20 Octobre 2010 , Rédigé par texte critique Publié dans #essais
Simple technique de controverse ou méthode rigoureuse de recherche de la vérité ?
Au moment où Hegel achève de construire l’un des plus beaux systèmes de la philosophie, tout entier dédié à l’étude de la dialectique en tant que structure de la pensée et de la réalité, Schopenhauer, dans ses cours (non publiés) de l’université de Berlin, ramène cette dernière à peu de choses : trente-huit stratagèmes pour terrasser tout contradicteur, que l’on ait raison ou tort. Pure escrime intellectuelle, organe de la perversité naturelle de l’homme, outil de la déloyauté dans la dispute… On a pu reprocher à Schopenhauer ses lectures par trop réductrices d’Aristote ou de Kant. Le très intelligent essai de Franco Volpi, qui suit le texte du philosophe allemand (pour ne pas lui donner tort, quand il se serait aperçu qu’il n’avait peut-être pas raison ?), nous décrit avec une efficacité rare les raisons de ces reproches.
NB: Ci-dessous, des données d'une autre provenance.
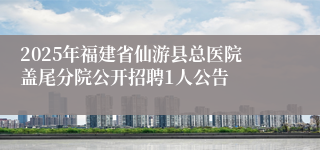 2025年福建省仙游县总医院盖尾分院公开招聘1人公告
Mais par-delà le débat philosophique sur le statut de la logique dans la recherche de la vérité, par-delà les querelles des différentes écoles (Aristote / Platon / Kant / Hegel…), qui nous sont résumées ici avec précision, la réflexion de Volpi invite à d’autres conclusions. Aux trente-huit stratagèmes succède un "Supplément aux premières pages", immédiatement suivi d’un "Second supplément", que pressent des "Notes sur les premières pages", puis des "Notes sur les pages 11 et 12", un nouveau "Supplément à la page 11", et enfin une "Note sur la page 70"… A quoi rime cette impossibilité à conclure ? L’art d’avoir toujours raison manquerait-il à ce point d’assurance ? Par-delà l’inscription de la raison dans ses formes savantes, de quoi Schopenhauer veut-il tant nous faire témoins à ne cesser de camper sur les restes de ses propositions ? De la condition de l’homme moderne, tout simplement. La possibilité qui nous est offerte d’avoir toujours raison est en fait moins celle de pouvoir parler pour ne rien dire que celle d’entraîner la parole à recouvrir la pensée. Moins du reste celle de la pensée philosophique que l’ordinaire de nos raisons communes. Localiser le site de l’existence humaine, tel était au fond son projet. Et quand on y songe, qu’il y ait toujours à dire et si peu qui soit dit, ou que ce dire demeure toujours en excédent ou en reste de ce qu’il vise, "c’est ça qu’est bien avec les mots", comme l’écrira bien plus tard un Beckett. --joël jégouzo--.
L’art d’avoir toujours raison, de Schopenhauer, traduit de l’allemand par Hemi Plard, suivi de Franco Volpi : Schopenhauer et la dialectique, Circé / poche n°25, avril 1999, 120 pages, 6 euros, EAN : 978-2842420758.